Of course, to interface with the Book, the listener needs an avatar. Arthur Dent, as a protagonist, stands in for the listener by being very ordinary. As an unremarkable, mild-mannered British individual of average intelligence and little discernable skill, Arthur takes on the role of an everyman. He tells jokes, drinks beer, and wants to keep his house from being demolished; his characteristics and motivations are all familiar, making him more of a placeholder for the audience as well as a mouthpiece for jokes reacting to the absurdity of his surroundings.
In Arthur’s first lines of dialogue, we hear him bargain with Councilman Prosser to keep his house from being knocked down in order to make room to build a bypass. Arthurs begins to fall apart as soon as he is introduced to the audience, plus it does so for a reason that is inexplicable to him: “It’s a bypass, you’ve got to build bypasses.” This unfortunate circumstance in itself could be considered absurd, but when, minutes later, the entire Earth is demolished to make room for a hyperspace bypass, the absurdity increases exponentially. For one thing, it seems quite unlikely that a planet the size of Earth would obstruct any travel through the vast emptiness of space, but more importantly, the juxtaposed destruction of Arthur’s home and his home planet establishes his position as a figure with no power over his own situation.

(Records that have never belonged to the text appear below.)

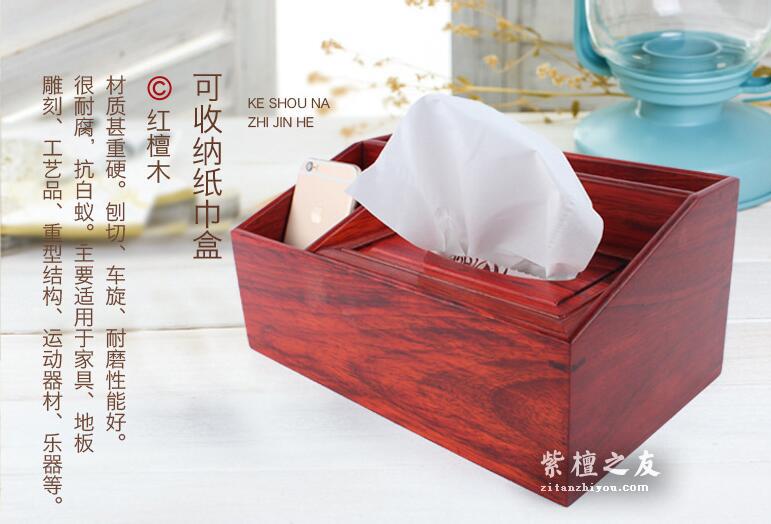 红檀木纸巾盒收纳盒-3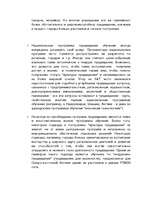 Referāts 'Предвидение', 6.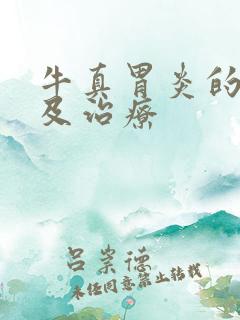 牛真胃炎的症状及治疗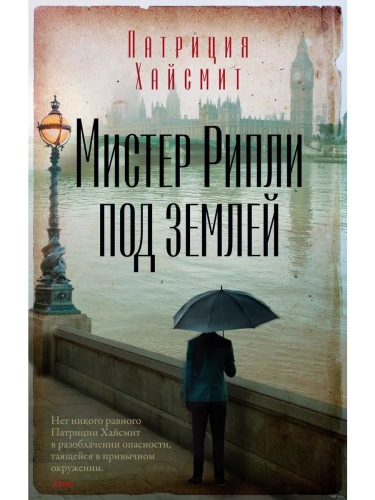 Мистер Рипли под землей (мягк/обл.)- купить в магазине Кассандра, фото, 9785389259126, 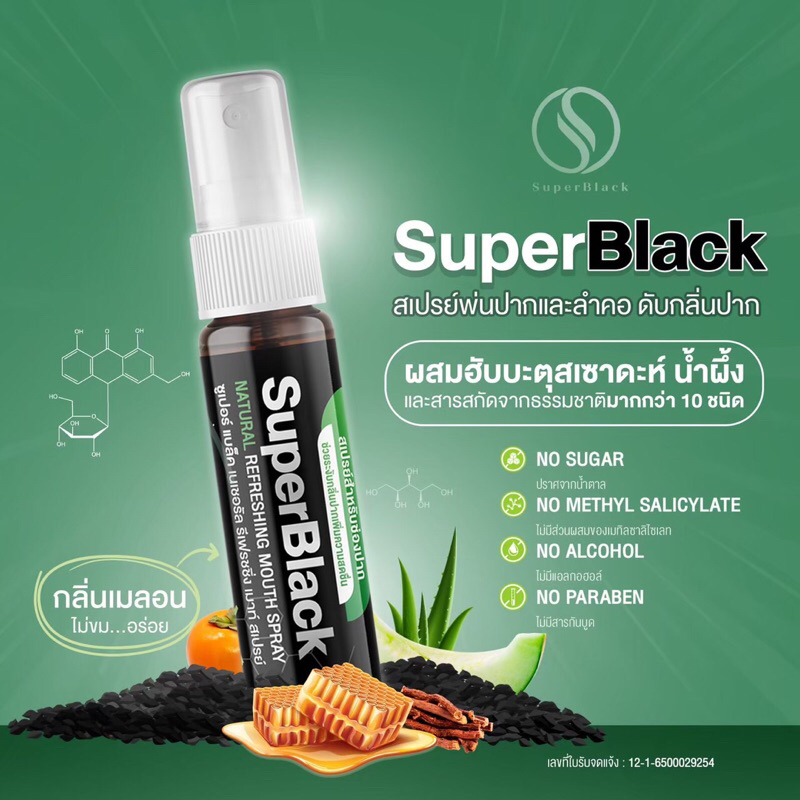Superblack natural mouth spray สเปรย์แก้ไอและดับกลิ่นปากผสมผสาน ฮับบะตุซเซาดะห์(เมล็ดเทียนดำ) น้ำผึ้งและสมุนไพรต่าง ๆ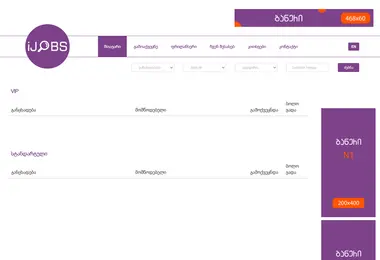 Скриншот ijobs.ge
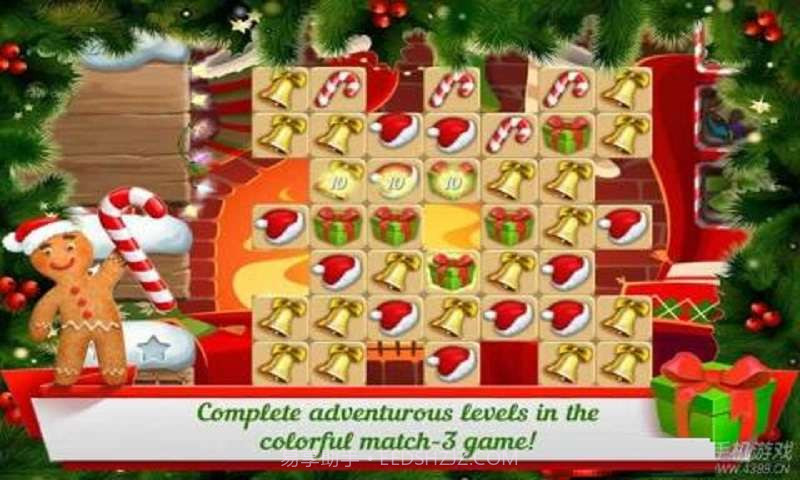 冬天的故事截图4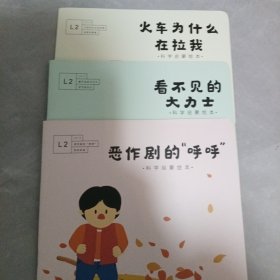 南瓜科学 火车为什么在拉我，看不见的大力士，恶作剧的呼呼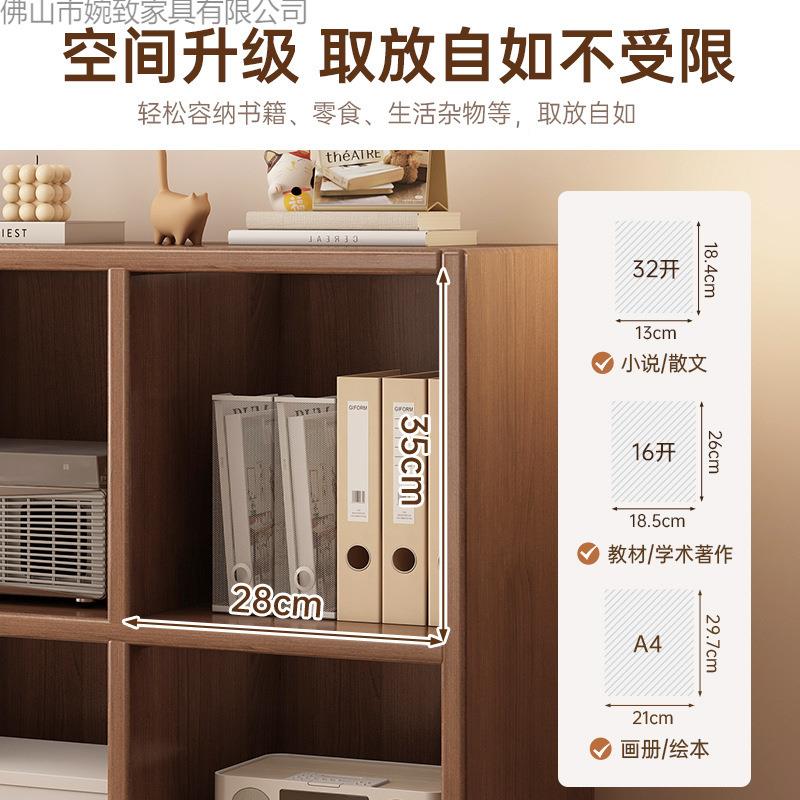 中古风斗柜子黑色四格柜客厅储物柜沙发柜隔断收纳柜边床柜格SG00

Adams uses his witty prose to simultaneously exaggerate circumstances and trivialize them. If the narrative style was not funny, Arthur’s story might be downright depressing. The Vogons demolish the Earth and Arthur responds by saying, “Look. I’m a bit upset about that.” The absurdity of the response makes it sound funny. After surviving the demolition of Earth, Arthur’s entire existence becomes enveloped in absurdity, giving Adams the ability to craft any number of unforeseeable reversals. The SF premise of a simple, British man surviving the end of the world becomes a rich opportunity for absurdist comedy, but significantly, that British man survives. In the immediate aftermath of the literal apocalypse, Arthur Dent reads a book.
As Arthur processes the realization that everything he has ever known has been vaporized, he thumbs through the Book which Ford Prefect hands him. As he listens to the Book’s absurd explanations of life in the universe, Arthur begins to focus on the intricacies of the galaxy external to his own situation. He contemplates the insanity of the infinite universe instead of his own misfortune. Essentially, the audience does the same thing as Arthur by listening to the radio play. Rather than an escape from our present reality, HHGG offers an exploration of how an individual might cope after the loss of that reality.
Kierkegaard and Camus also pose three possible responses to the concept of the absurd: The first is to commit suicide, which neither endorses because even suicide is subject to absurdity; the second is to turn to faith in an abstract system such as religion or spirituality and belief in a transcendent realm that is beyond the absurd; the third is to accept the absurd as natural reality. Arthur employs the third response and determines to follow Ford Prefect on his journey to edit the Book and survive in the galaxy. By emphasizing the absurd and the entirely average Arthur’s ability to cope with it, Adams satirizes the typical goal, if not the mode, of SF. HHGG does not push the audience to envision a change in the world or in the future but rather in the themselves.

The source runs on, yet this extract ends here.